Never heard of a BIOS setting that wouldn't let you turn off your PC.


----------



## repsol23 (Sep 6, 2019)

DuxCro said:


> Never heard of a BIOS setting that wouldn't let you turn off your PC.


Unplug it from the wall then it turns off and fans will stop spinning.  Win Win.


----------



## eidairaman1 (Sep 6, 2019)

W7, nuff said.
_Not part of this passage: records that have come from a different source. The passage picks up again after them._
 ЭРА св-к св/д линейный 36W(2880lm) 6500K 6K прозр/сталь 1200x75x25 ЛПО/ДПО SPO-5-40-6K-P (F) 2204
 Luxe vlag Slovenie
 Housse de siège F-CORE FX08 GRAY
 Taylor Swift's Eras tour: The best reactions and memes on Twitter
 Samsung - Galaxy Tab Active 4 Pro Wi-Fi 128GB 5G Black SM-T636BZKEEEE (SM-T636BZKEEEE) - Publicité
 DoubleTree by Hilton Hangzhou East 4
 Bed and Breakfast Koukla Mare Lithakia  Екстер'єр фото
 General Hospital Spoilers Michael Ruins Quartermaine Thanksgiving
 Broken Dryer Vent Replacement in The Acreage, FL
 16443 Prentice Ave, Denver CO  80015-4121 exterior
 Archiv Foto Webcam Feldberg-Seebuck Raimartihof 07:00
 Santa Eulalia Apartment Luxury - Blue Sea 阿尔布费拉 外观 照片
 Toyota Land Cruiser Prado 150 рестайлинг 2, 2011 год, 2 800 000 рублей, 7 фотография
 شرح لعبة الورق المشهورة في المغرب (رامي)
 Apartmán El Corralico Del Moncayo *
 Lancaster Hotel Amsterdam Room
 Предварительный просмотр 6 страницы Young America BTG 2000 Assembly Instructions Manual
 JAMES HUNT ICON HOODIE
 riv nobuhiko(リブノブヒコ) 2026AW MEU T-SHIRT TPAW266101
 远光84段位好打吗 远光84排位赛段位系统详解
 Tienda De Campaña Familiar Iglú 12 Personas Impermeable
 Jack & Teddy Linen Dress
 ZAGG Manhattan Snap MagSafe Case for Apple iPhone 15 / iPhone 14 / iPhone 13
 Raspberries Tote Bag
Pull your motherboard out of the case and verify what standoffs match the holes on your motherboard first and foremost

Btw i responded to your graphics card problem thread but you never responded


----------



## John Naylor (Sep 6, 2019)

DuxCro said:


> Never heard of a BIOS setting that wouldn't let you turn off your PC.



Isn't that why you came here ?  To get advice from folks who had more experience and knowledge... and who are aware of things that ou aren't ?    BIOS settings are among the potential reasons for a PC not shutting down.  Among potential causes are:

1.  BIOS Settings
2.  Non Current BIOS ... early adopters commonly  are faced with potential problems that those who wait for later MoBo steppings don't face.   The X570 being relatively new it's bound to have issues which will be fixed by later steppings and / or BIOS updates.  When I was doing the build on the box I am typing from I was aware of an early stepping issue with the Motherboard whiich had been 'out" about 2 months at the time.  The problem was that extremal storage devices would not "wake up" id the puter went to sleep.  I waited for the C1 stepping and confirmed that the issue was fixed.  Unfortunately the board still had an issue with the BIOS clock freezing if ya pushed OC too far .... only reloading the BIOS solved it.  A fix was promised via a BIOS update but never actually arrived. 
3.  A running application, utility or service may not have 'shut down' and windows doesn't want to close until it does.   You can try shutting down running processes / services  manually before shutting down to see if you can figure out a culprit.
4.  Have you checked your windows logs in event fewer , most often the cause of the problem will be listed there.


----------



## DuxCro (Sep 6, 2019)

repsol23 said:


> Unplug it from the wall then it turns off and fans will stop spinning.  Win Win.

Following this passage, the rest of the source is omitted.